Exercise brief:
Exactly the lines from the one containing "Elegant Thicken VelvetLined" through the one containing "LOUNGEFLY Star Wars" in the listing below are to be copied, with the pictures left out.

Data supplied:
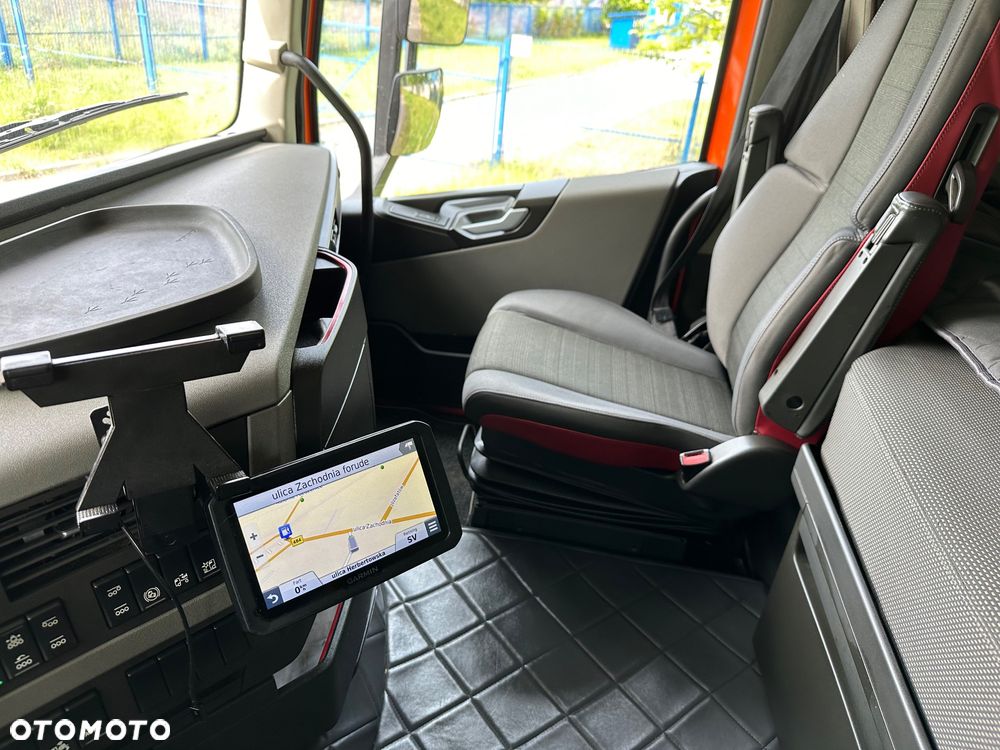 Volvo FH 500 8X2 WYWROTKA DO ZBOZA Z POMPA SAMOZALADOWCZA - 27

--

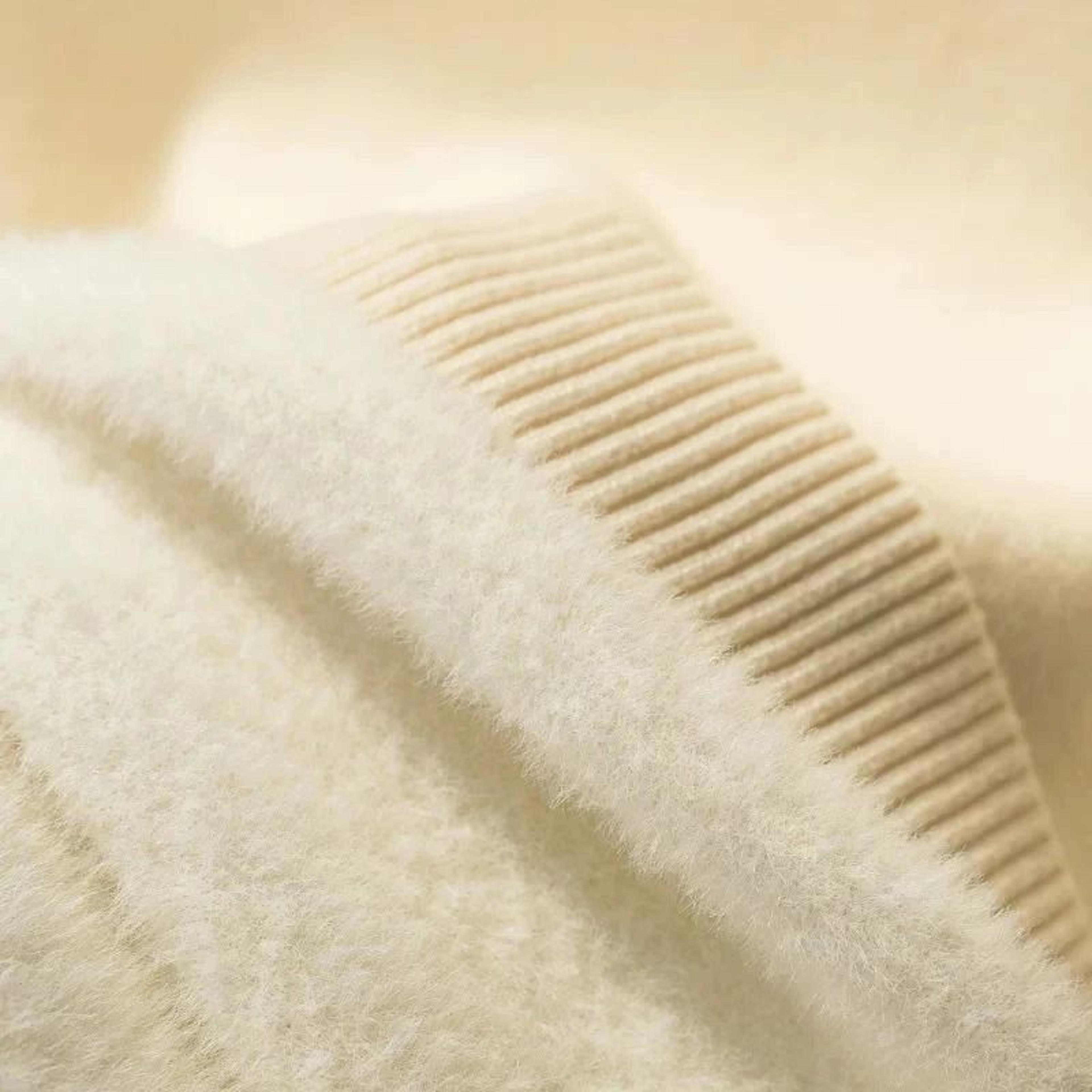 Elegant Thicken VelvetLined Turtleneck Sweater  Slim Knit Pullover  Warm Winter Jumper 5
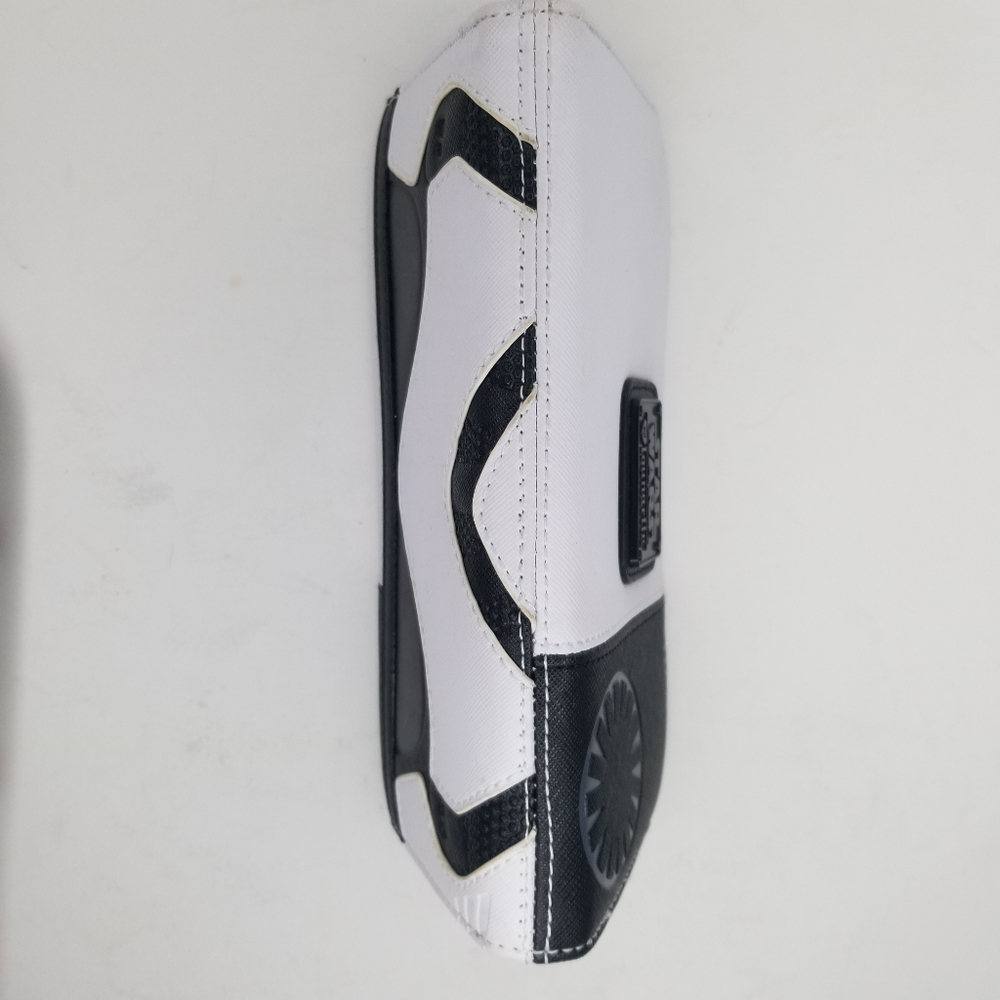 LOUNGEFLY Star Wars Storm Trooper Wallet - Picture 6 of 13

--

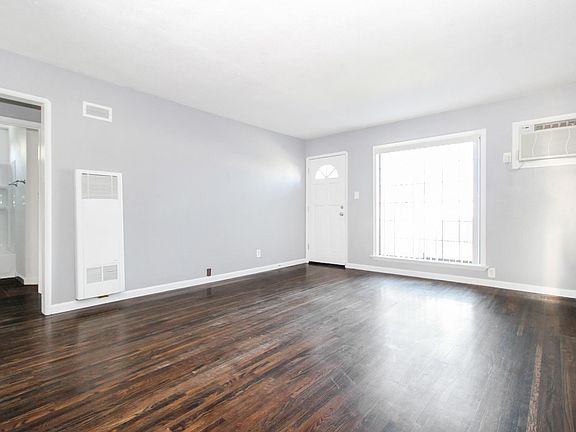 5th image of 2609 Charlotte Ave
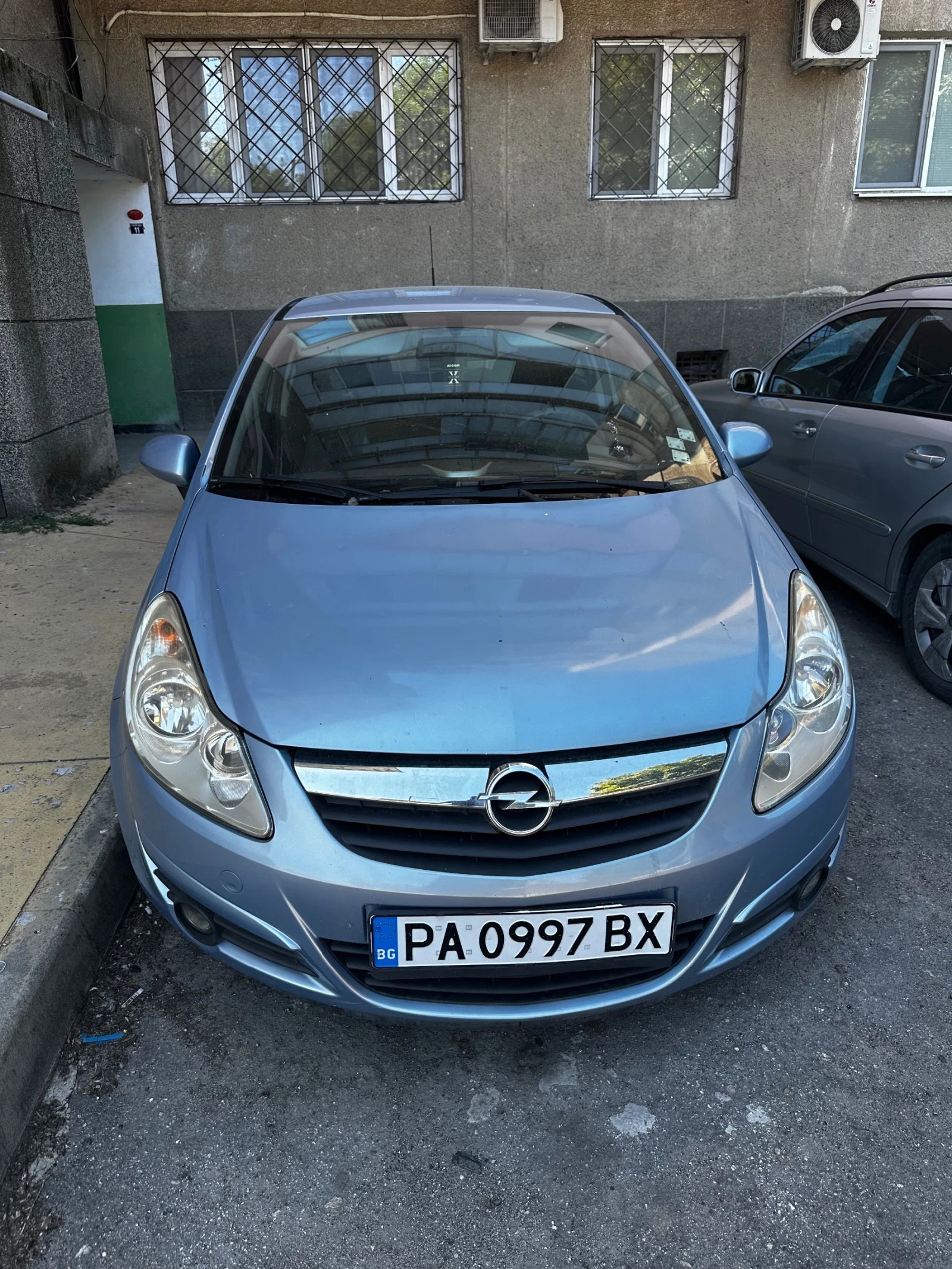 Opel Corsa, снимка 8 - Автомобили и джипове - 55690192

Output of the exercise:
 Elegant Thicken VelvetLined Turtleneck Sweater  Slim Knit Pullover  Warm Winter Jumper 5
 LOUNGEFLY Star Wars Storm Trooper Wallet - Picture 6 of 13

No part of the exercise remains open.